Ein typischer Vertreter überwachter Lernverfahren sind Support Vector Machines. Bei diesem Verfahren werden Daten mit Hilfe von hochdimensionalen Trennflächen separiert. In diesem Abschnitt wird beschrieben, wie man mit Hilfe des kernlab-Pakets Support Vector Maschinen mit R implementieren kann. Wie wir anschliessend sehen werden, können wir mit Hilfe von R diese Trennflächen einfach visualisieren (solange die Daten 2-dimensional sind). Eine einfache theoretische Einführung findet sich beispielsweise hier.

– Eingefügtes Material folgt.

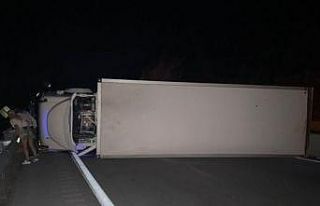 Freni boşalan kamyonun sürücüsü, araç konvoyunu...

1. Daten generieren und darstellen

Zunächst werden wir Daten generieren, die nicht linear trennbar sind (es gibt also keine Gerade in 2D, welche die Daten eindeutig in zwei Klassen teilt). Wir erstellen dabei einen zweidimensionalen Vektor von 120 Zeilen (x Є R120 × 2). Die Werte in der ersten Spalte (x1) stammen von einer Normalverteilung mit dem Mittelwert 1 und die Werte in der zweiten Spalte (x2) von einer Normalverteilung mit dem Mittelwert 3.

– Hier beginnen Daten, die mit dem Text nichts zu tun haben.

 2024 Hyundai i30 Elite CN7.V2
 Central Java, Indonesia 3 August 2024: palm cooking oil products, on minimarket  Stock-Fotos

library(kernlab) # importiere kernlab
library(ggplot2) # importiere ggplot2
set.seed(6) # set.seed sorgt für Reproduzierbarkeit
x = rbind(matrix(rnorm(120), , 2), matrix(rnorm(120, mean = 3), , 2)) # x ist ein 120x2 Vektor normalverteilter Werte mit Mittelwert 1 bzw. 3
y

Zur Visualisierung der Daten verwenden wir anschliessend das Paket ggplot2.Dies ist das geläufigste Paket für eine schnelle und flexible Datenvisualisierungen mit R.

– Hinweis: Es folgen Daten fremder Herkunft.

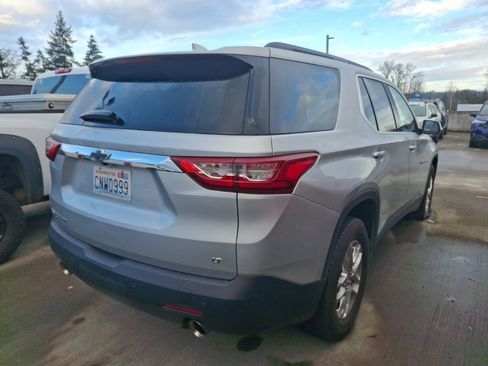 Used 2020 Chevrolet Traverse LT image 5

d=data.frame(x=x, y=y) # erstelle
names(d)<-c("x1", "x2", "y")
qplot(x1, x2, data = d, color = factor(y)) + geom_point(shape = 1)
+scale_colour_manual(values = c("#0000FF", "#00FF00"), labels = c("1", "-1"))

Der obige Code zeichnet die Daten auf einem 2-D-Gitter und färbt sie entsprechend ihrer Klasse y ein.

Geclusterte Eingabedaten (X), die mittels einer Support Vector Machine getrennt werden sollen 2. Daten Klassifizieren mit linearer Trennfunktion

Wie man leicht erkennen kann, gibt es keine Möglichkeit, die Datenpunkte linear zu trennen, ohne Fehler zu machen. Wenn man dies dennoch tut, führt der Algorithmus eine sogenannte „soft margin“ Klassifizierung durch, wodurch falsch kategorisierte Datenpunkte in Abhängigkeit von ihrer Entfernung von der trennenden Hyperebene bestraft werden. Somit findet der Algorithmus dennoch die beste Trennfläche.

svp = ksvm(y ~ x1 + x2, data = d, type = "C-svc", C = 1, kernel = "vanilladot")

Der folgende Code führt die Support Vector Machine durch.

svp = ksvm(y ~ x1 + x2, data = d, type = "C-svc", C = 1)

Der Parameter C steuert die erwähnte Strafe. Wir werden sehen, dass es für die Generalisierbarkeit der SVM entscheidend ist, einen guten Wert für C zu finden. In diesem Beispielcode ist C auf 1 gesetzt.

Hier können wir nun sehen, wie die Klassifizierungen aussehen:

plot(svp, data = d)

Das Diagramm der resultierenden SVM ergibt einen sogenannten Konturplot, wobei die entsprechenden Unterstützungsvektoren hervorgehoben sind (fett). Es zeigt die gleiche SVM, diesmal jedoch mit C = 100. Offensichtlich versucht die SVM nicht zu missklassifizieren und abzusuchen, da C die Strafe sehr hoch ansetzt:

Support Vector Machine Ergebnis – lineare Trennfunktion C = 1 Support Vector Machine Ergebnis – lineare Trennfunktion C = 100 3. Daten klassifizieren mit RBF Trennfunktion

Ein weiterer wichtiger Parameter ist kernel. Dieser Parameter gibt an, wie die Trennfläche konstruiert wird. Versuchen wir, den sogenannten RBF-Kernel anzuwenden:

svp = ksvm(y ~ x1 + x2, data = d, type = "C-svc", C = 1, kernel = "rbfdot")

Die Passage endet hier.